La vacance résidentielle, un symptôme d’inefficacité publique, selon la Cour des comptes



Jeudi 22 Mai 2025
Anton Kunin

Le 22 mai 2025, la Cour des comptes a rendu public un rapport d’évaluation très critique sur la politique nationale de lutte contre la vacance des logements, initiée en 2020. Elle y souligne une inadéquation persistante entre les dispositifs publics déployés et la réalité des dynamiques territoriales, dans un contexte où 3,1 millions de logements restaient vacants en 2022, soit 8,2% du parc total. Un million d’entre eux l’étaient depuis plus de deux ans. Face à l’inefficience manifeste des leviers fiscaux, les magistrats de la rue Cambon appellent à une refonte méthodique des approches locales.


​3,1 millions de logements vacants : une donnée structurelle sous-évaluée

En 2022, selon les données de l’Insee reprises par la Cour des comptes, 3,1 millions de logements étaient inoccupés sur le territoire national, dont 1,2 million qualifiés de « structurellement vacants », car inoccupés depuis plus de 24 mois. Cela représente 3,5% du parc résidentiel privé. Cette proportion grimpe à 10,6% en Creuse, 8,8% dans la Nièvre, 8,5% dans la Meuse, contre seulement 1,5% en moyenne dans les zones dites « tendues » – là où l’offre peine à satisfaire la demande.

Cette hétérogénéité territoriale est au cœur du diagnostic de la Cour. Les logements vacants ne se répartissent pas de manière aléatoire, mais répondent à des logiques socio-économiques différenciées : désindustrialisation, vieillissement démographique, attractivité décroissante de certains bassins d’emploi. La vacance n’est pas uniquement urbaine ; elle reflète aussi une fracture territoriale.

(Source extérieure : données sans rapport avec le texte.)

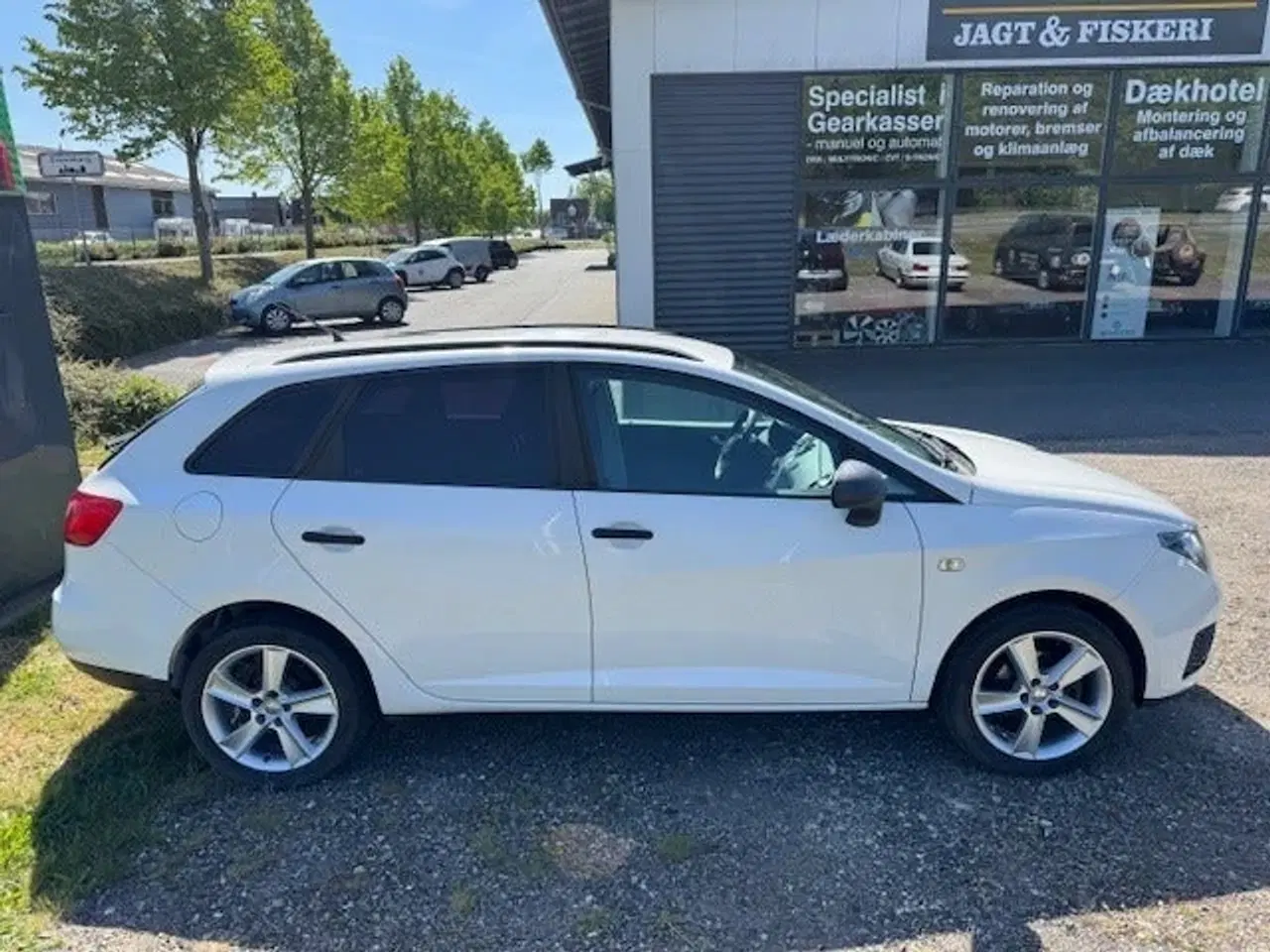 Billede 7 - Seat Ibiza 1,2 TDi 75 Reference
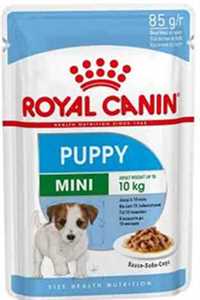 Royal Canin Mini Puppy Küçük Irk Yavru Köpek Konservesi 85gr - Thumbnail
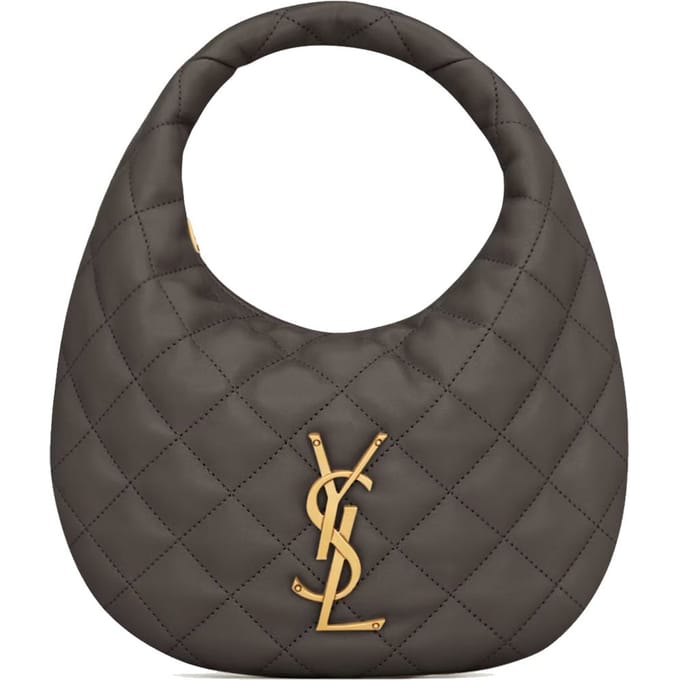 Saint Laurent Icarino Gewatteerde Handtas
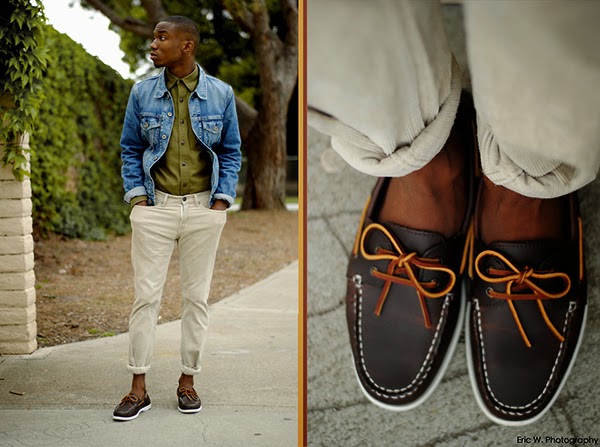 Macho Moda - Blog de Moda Masculina: Pro Verão: Boat Shoes da Timberland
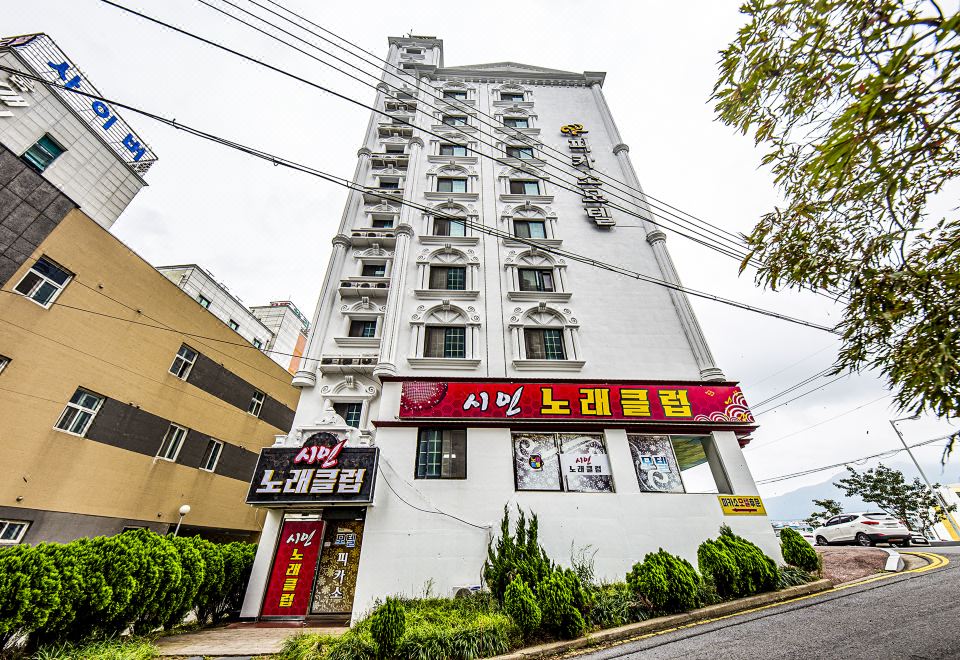 피카소 호텔 객실 사진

Des outils fiscaux puissants… mais inefficaces

Le rapport s’attarde longuement sur la trajectoire fiscale engagée depuis 2017. En sept ans, les recettes issues des taxes sur les logements vacants – qu’elles soient communales ou étatiques – ont été multipliées par 3, passant de 116 millions à 378 millions d’euros en 2024.

Pourtant, ces instruments n’ont pas démontré d’effet dissuasif. La Cour rappelle que « la montée en puissance effective de cette fiscalité n’a en rien endigué le phénomène ». L’inefficacité est double : elle repose à la fois sur un mauvais ciblage des biens concernés et sur l’incapacité de la fiscalité à agir comme levier d’activation immobilière. En outre, l’articulation entre cette fiscalité et la taxe d’habitation sur les résidences secondaires (THRS) demeure incohérente et juridiquement confuse.
 

Des plans d’action limités à la sensibilisation, sans régulation ni financement

Le « plan national de lutte contre les logements vacants » lancé en 2020 se résume à une boîte à outils non contraignante à destination des collectivités. Aucune norme réglementaire, aucun fléchage budgétaire. Le dispositif repose sur le volontarisme local, mais sans levier coercitif ni soutien structurant.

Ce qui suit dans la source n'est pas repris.